U.S. and allies can learn from military medical lessons in Ukraine

US and allies can learn from military medical lessons in Ukraine

Delivering medical care to the U.S. and allied soldiers wounded in combat has advanced significantly in recent decades. But an article recently published in the Journal of the American College of Surgeons asks: Will that medical delivery system be ready to manage potential future conflicts with an adversarial nation that has similar military capabilities to the U.S.?

“The way the U.S. military medical system is set up right now, we would not be ready for a major conflict like this,” said the article’s lead author Aaron Epstein, MD, MA, founder of the non-profit medical training organization Global Surgical and Medical Support Group (GSMSG).

Preparing for threats from near-peer adversaries

Based on interviews with dozens of medical personnel on the ground in Ukraine working with GSMSG, the article describes how future conflicts may differ and how the U.S. military medical system should prepare.
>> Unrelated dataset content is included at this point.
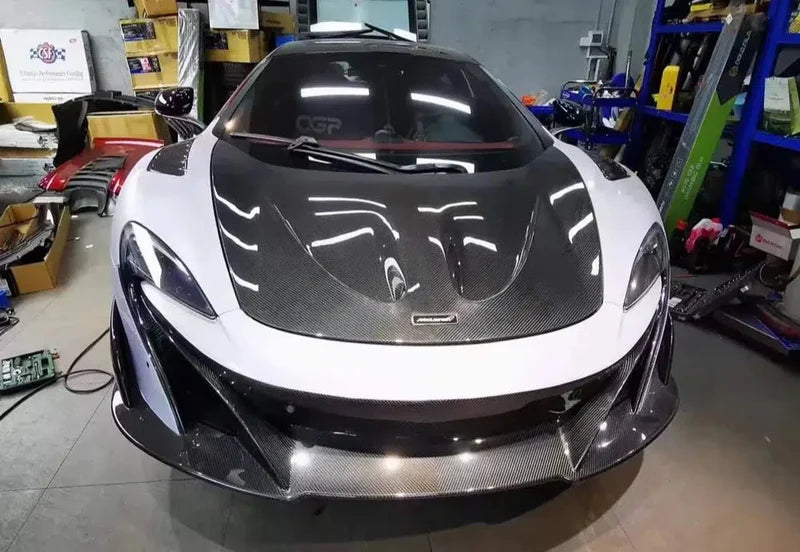 675LT Conversion Body Kit - McLaren MP4-12C/650S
The current threat from near-peer adversaries is at its highest level since the Cold War Era, the authors said. The term “near-peer adversaries” describes countries such as Russia or China, whose military and intelligence capabilities pose a significant challenge to U.S. dominance.

“The arsenals of near-peer adversaries are going to be much more lethal than what the U.S. encountered in the past, and the injury patterns are going to be much more severe,” said Dr. Epstein, a fourth-year resident in general surgery at the University of Buffalo. Dr. Epstein, who founded GSMSG in 2015 as a medical student at Georgetown University, also participated in a roundtable discussion on “The Ukrainian Crisis: Surgical Lessons Learned” at the ACS Clinical Congress last year.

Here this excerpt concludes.